Enabling NRVO when forwarding a function's result via template function

When forwarding a function's result via template function, I encountered different behaviour regarding utilization of "named return value optimization (NRVO)" for clang and gcc. Here a code snippet:

Foo provideFooAsTemporary() 
{
    return Foo{};
}

template <typename TFn>
auto forwardA(TFn &&fn) 
{
    auto result = fn();
    return result;
}

template <typename TFn>
auto forwardB(TFn &&fn) -> decltype(fn()) 
{
    auto result = fn();
    return result;
}

Foo fooA = forwardA(provideFooAsTemporary);  
Foo fooB = forwardB(provideFooAsTemporary);

Here my observations (also see godbolt example):

gcc 14.1: Avoids any move operations for both forwardA and forwardB.
clang 18.0.1: Avoids moving only for forwardB, but a move operation occurs for forwardA.
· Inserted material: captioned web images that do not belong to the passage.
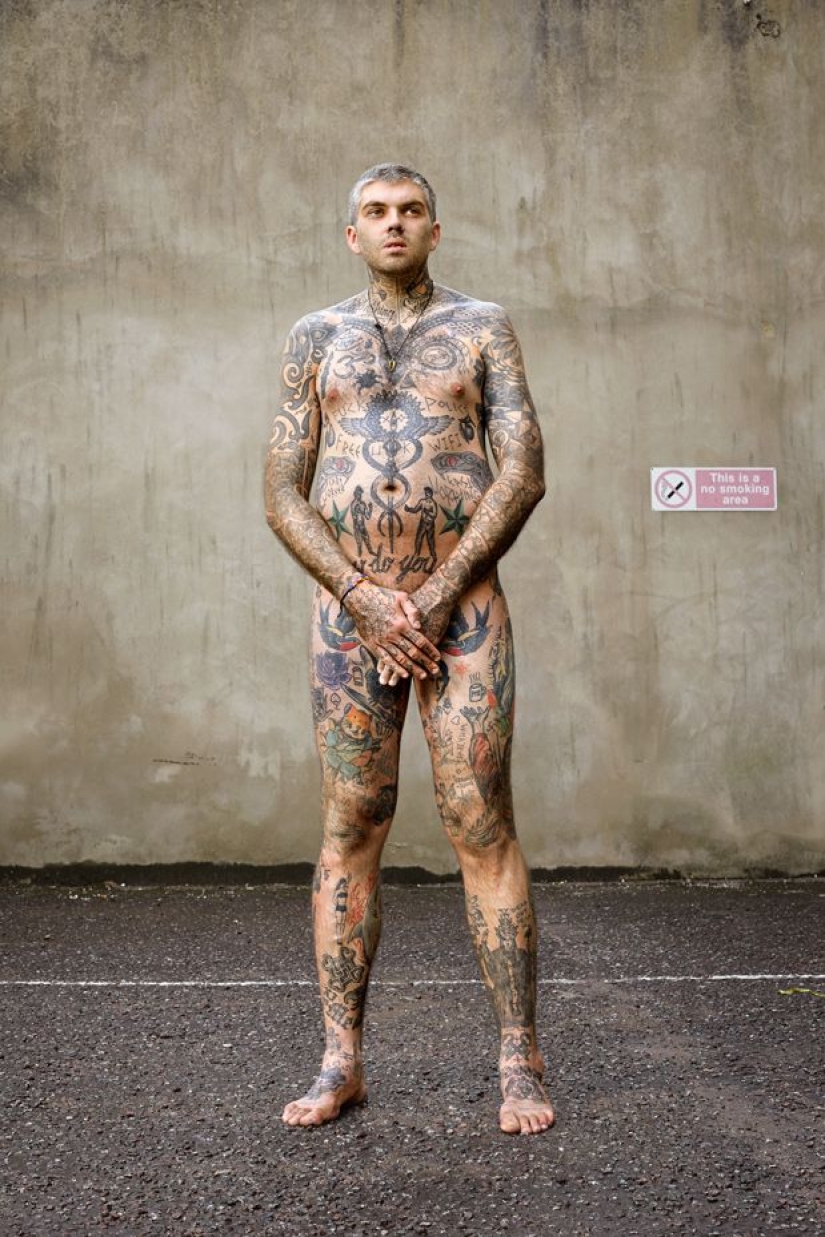 Reyes desnudos de los tatuajes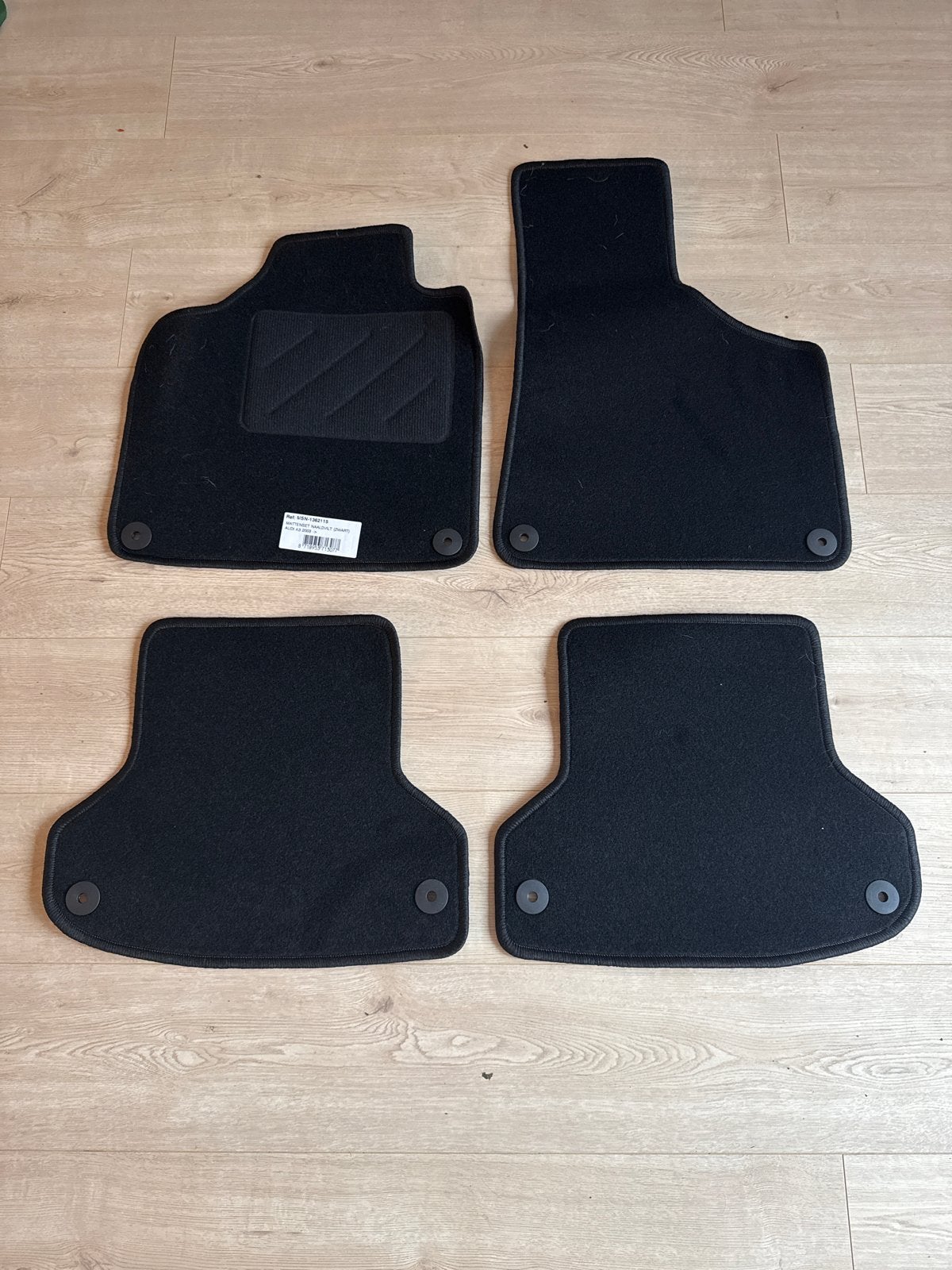 Audi A3 ( 2003 -> ) mattenset, Ophalen, Nieuw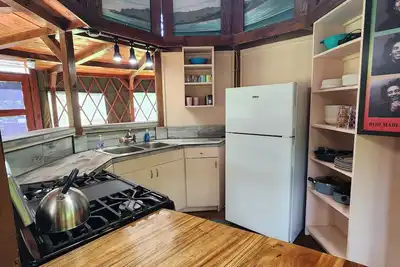 Image de North Shore 2-Story Rustic Yurt Glamping Lodge Tropical Nature Rental Near Beach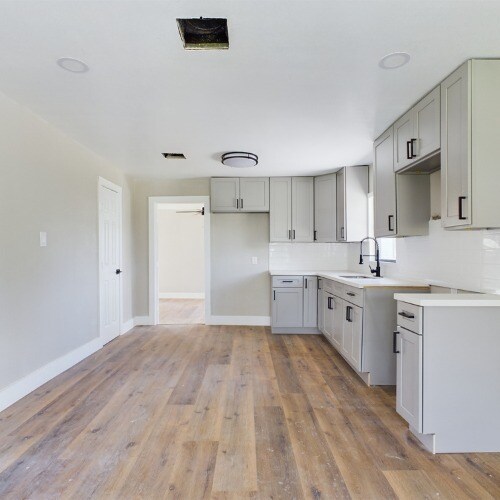More Photos Of 7609 Shotwell St, Houston Apartments For Sale
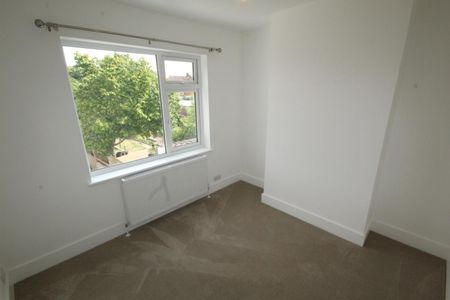 Heathview Avenue, Crayford - Photo 3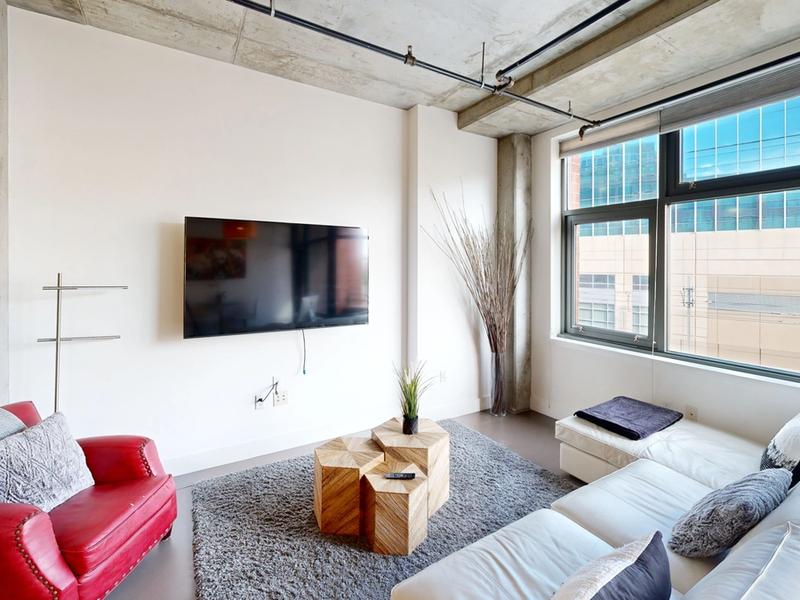 Modern Downtown Loft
I would have expected that forwardA triggers NRVO also for clang.

Here my questions:

What exactly is the difference between forwardA and forwardB? Why does the specified trailing return type make a difference?
Is there a simpler way to enable NRVO for clang than what is shown in forwardB?

Solution

Surprisingly this is a known issue in Clang's current implementation of NRVO:

If a function template uses a deduced return type (i.e. auto or decltype(auto)), then NRVO is not applied for any instantiation of that function template.

See e.g. the bug reports

and probably more others.

As far as I can see, there isn't really any reason that application of NRVO should depend on whether or not the return type is explicitly specified. This seems to be a limitation of the current implementation approach.

However, from a conformance point of view, NRVO is never guaranteed to happen and a compiler is always free to choose not to apply it. It can't be forced to do it.